**Work required**
Starting at the line that contains "Homeforia 17x22 Picture" and stopping after the line that contains "MD license plate 3AX9952", transcribe the listing below exactly; do not include any pictures.

※

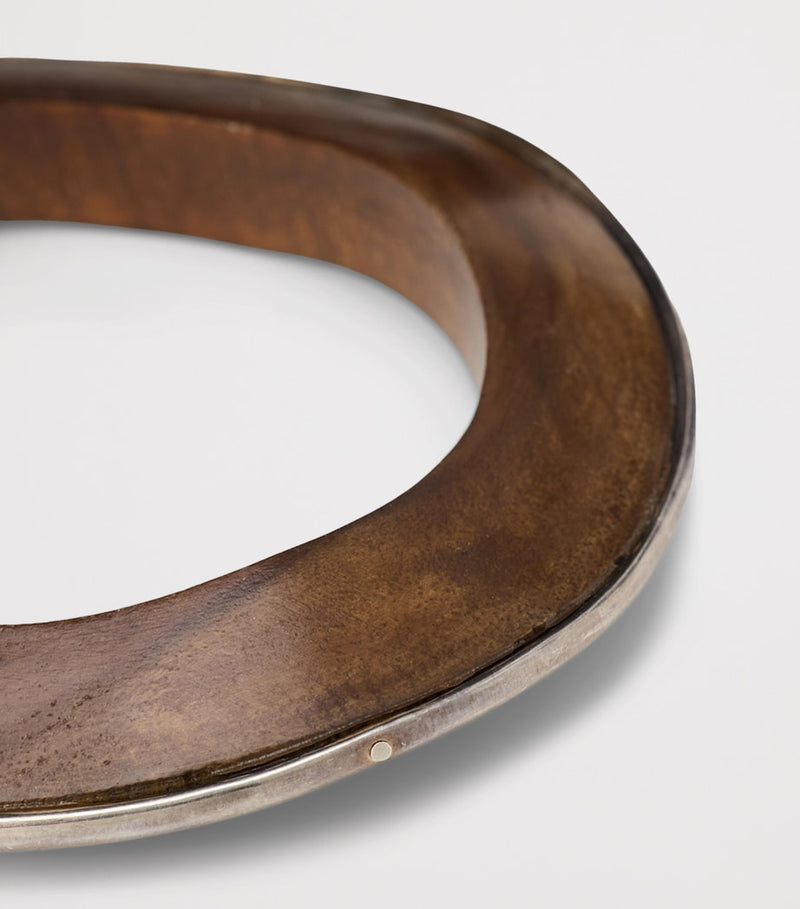 Ralph Lauren Collection asymmetrical cuff wood and silver-tone brass - British product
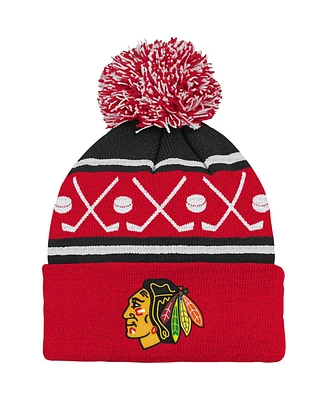 Outerstuff Baby Boys and Girls Red Chicago Blackhawks Face-Off Cuffed Knit Hat with Pom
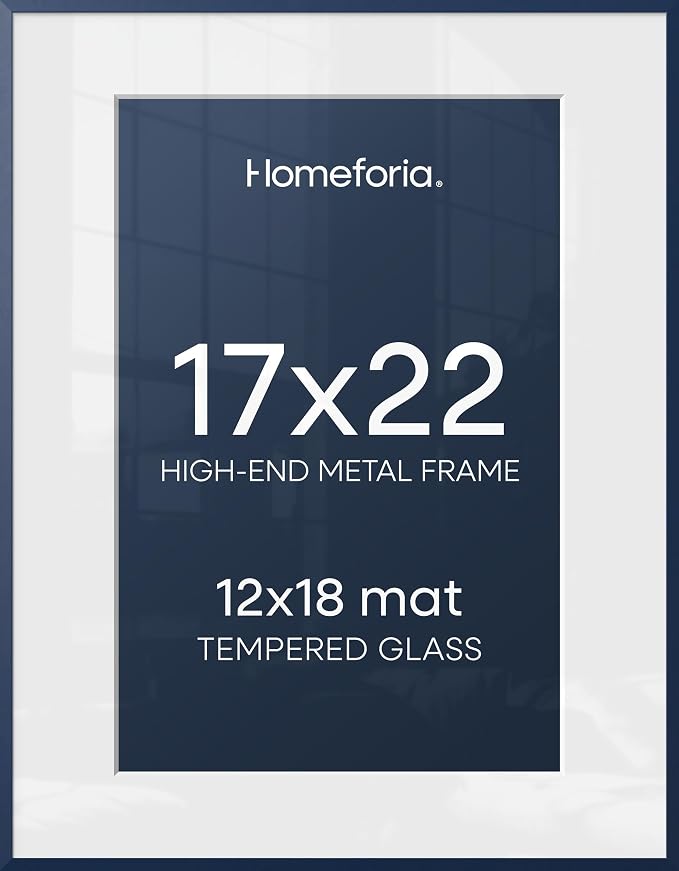 Homeforia 17x22 Picture Frame Navy Blue, High End Metal 17x22 Poster Frames with Mat 12x18 Photo, 17 x 22 Navy Blue Frame Matted to 12 by 18 Print, 22x17 Thin Frame, Tempered Glass, Wall Kit, Set of 1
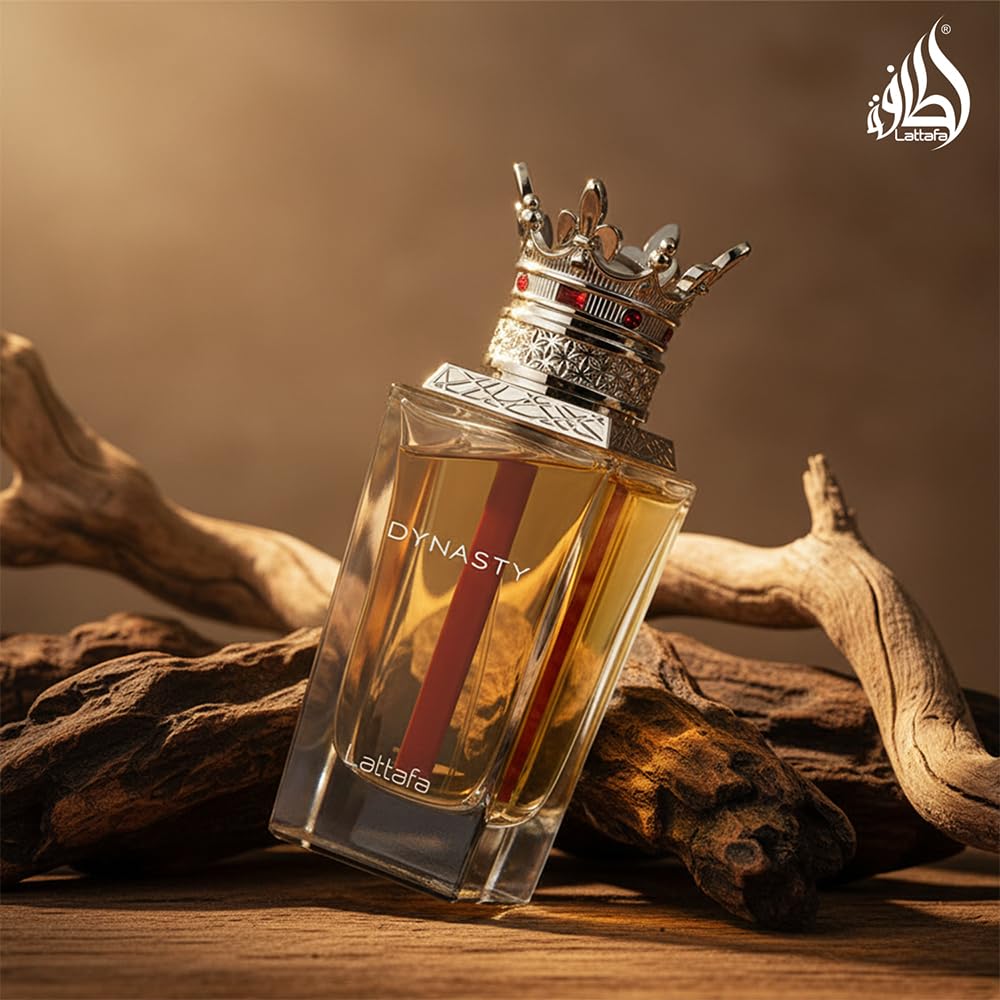 Lattafa Dynasty Eau de Parfum 100ml lifestyle scene with elegant setting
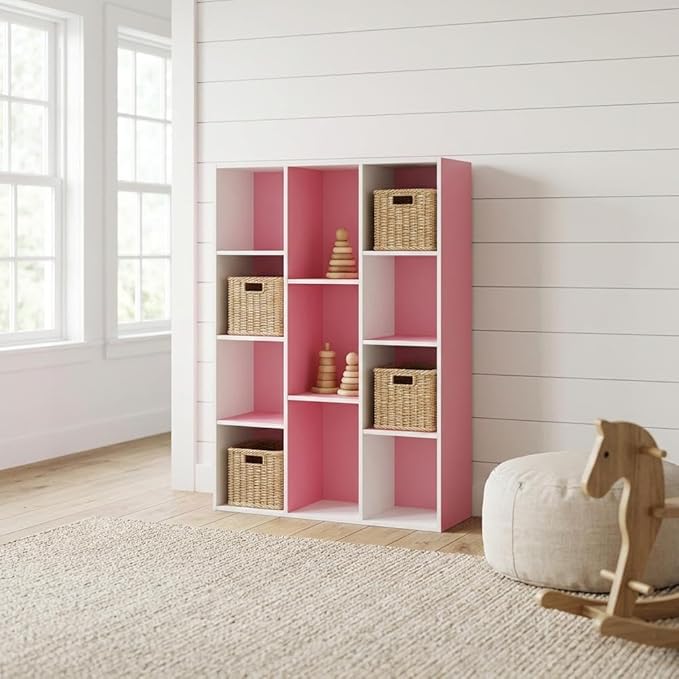 Furnifact White Pink 11-Cube Reversible Open Shelf Bookcase, Multi-Functional Storage Solution, Durable Wood Construction, Modern Design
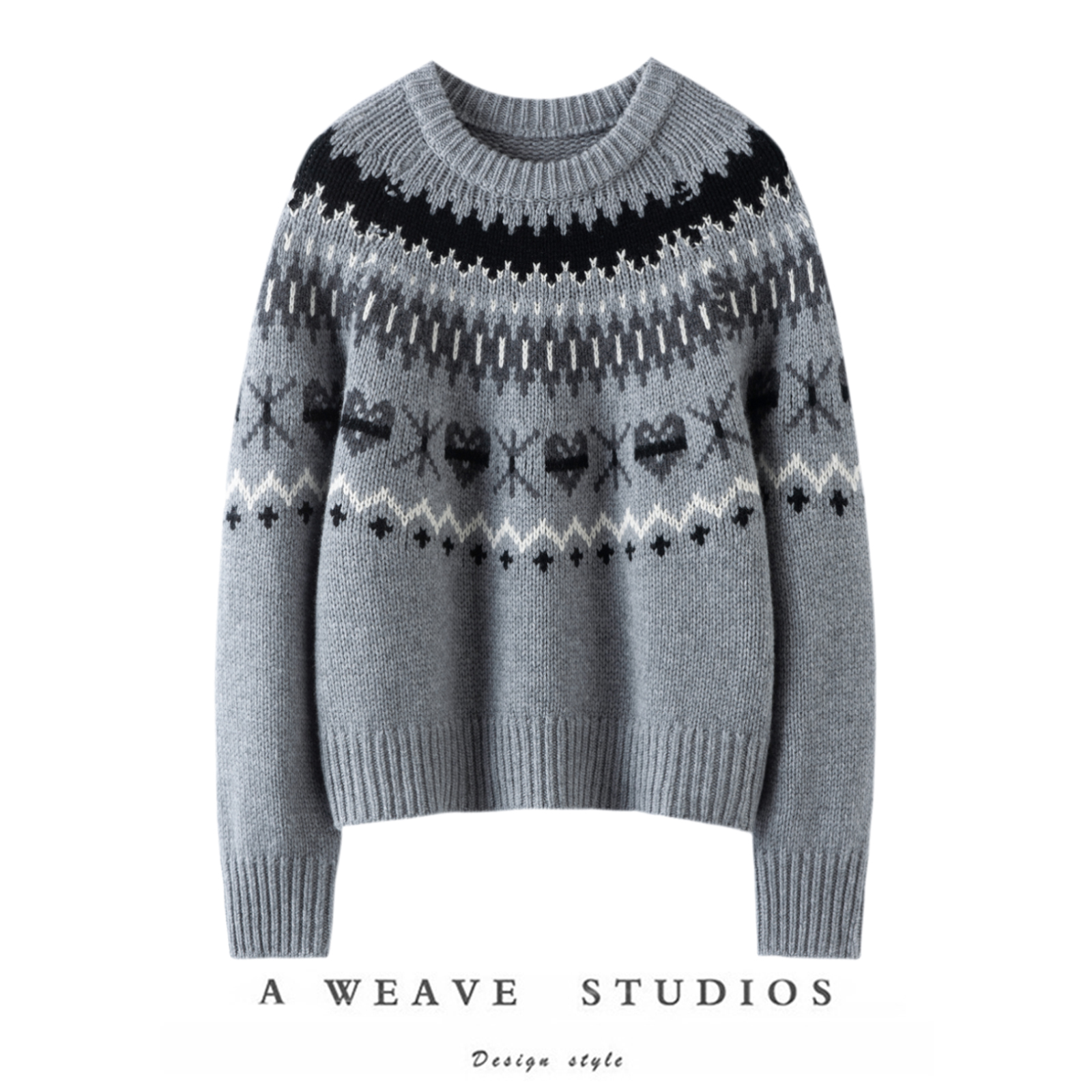 萨琪尼官方〓绒+〓北欧风费尔岛羊绒衫 灰色提花粗针羊绒毛衣女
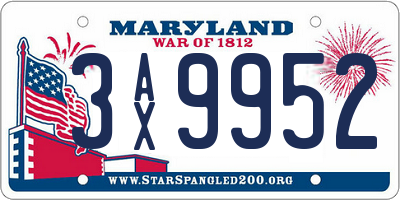 MD license plate 3AX9952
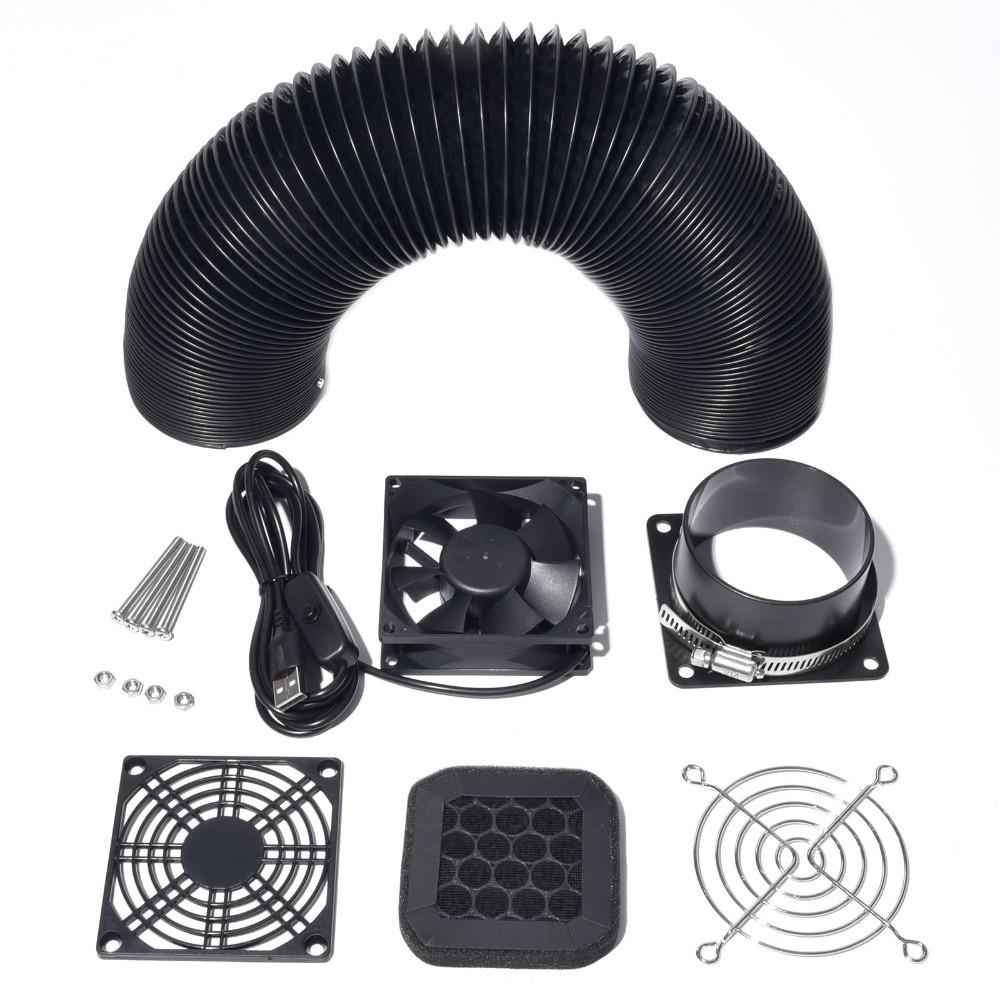 Flexible Ducting Exhaust Fan Kit 4300 RPM Fan Fume Ventilation Kit For 3D Printer Enclosure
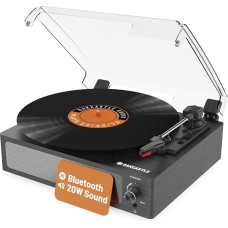 Vintage Turntable Bluetooth 5.0 AUX, RCA Output AUX, RCA | Record Player Retro with Built-in Speakers | Vinyl Player with 45 RPM Adapter | Oakcastle TT100 Vinyl Record Player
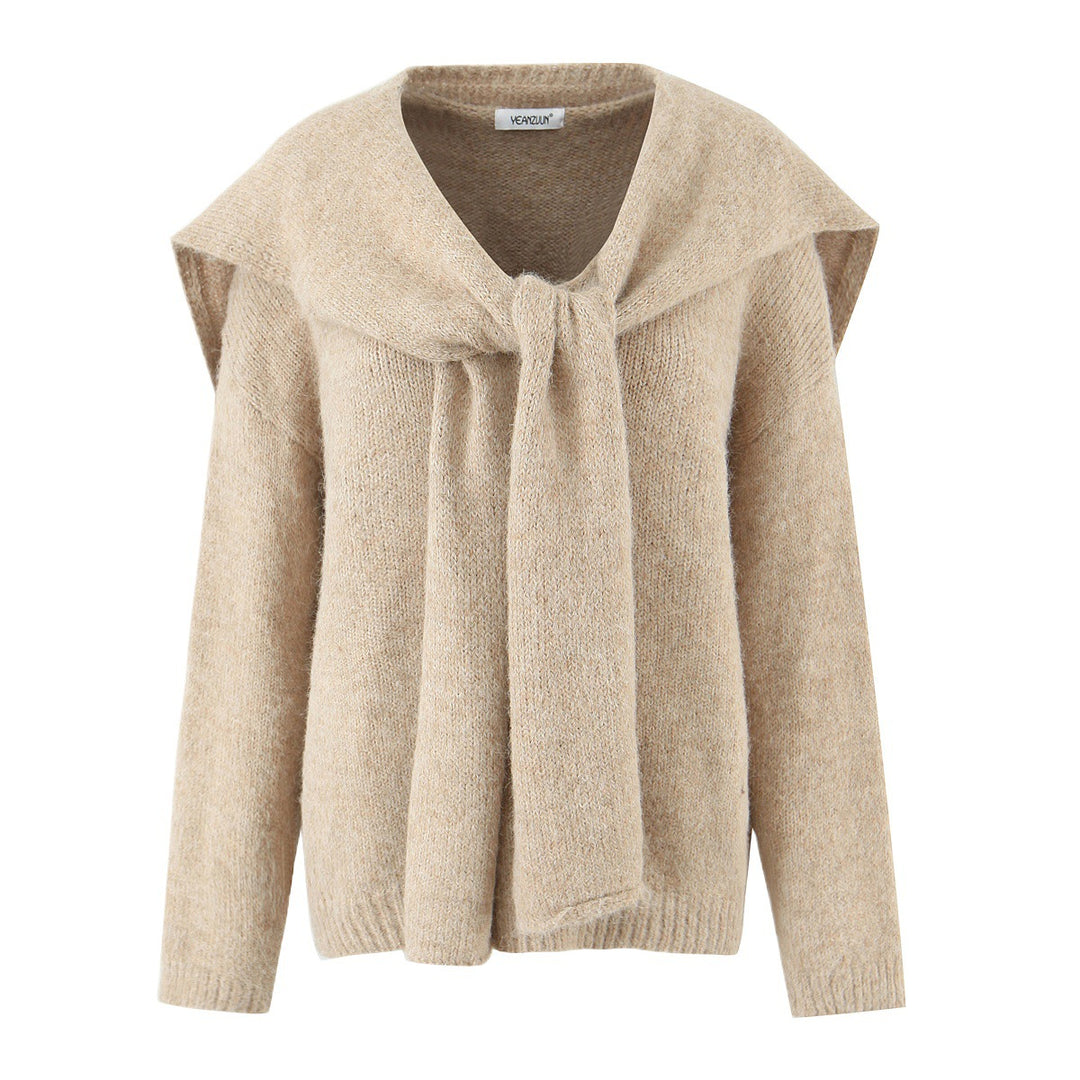 Trendy knit sweater for women with wide collar and relaxed fit Lune London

※

**Answer box**
 Homeforia 17x22 Picture Frame Navy Blue, High End Metal 17x22 Poster Frames with Mat 12x18 Photo, 17 x 22 Navy Blue Frame Matted to 12 by 18 Print, 22x17 Thin Frame, Tempered Glass, Wall Kit, Set of 1
 Lattafa Dynasty Eau de Parfum 100ml lifestyle scene with elegant setting
 Furnifact White Pink 11-Cube Reversible Open Shelf Bookcase, Multi-Functional Storage Solution, Durable Wood Construction, Modern Design
 萨琪尼官方〓绒+〓北欧风费尔岛羊绒衫 灰色提花粗针羊绒毛衣女
 MD license plate 3AX9952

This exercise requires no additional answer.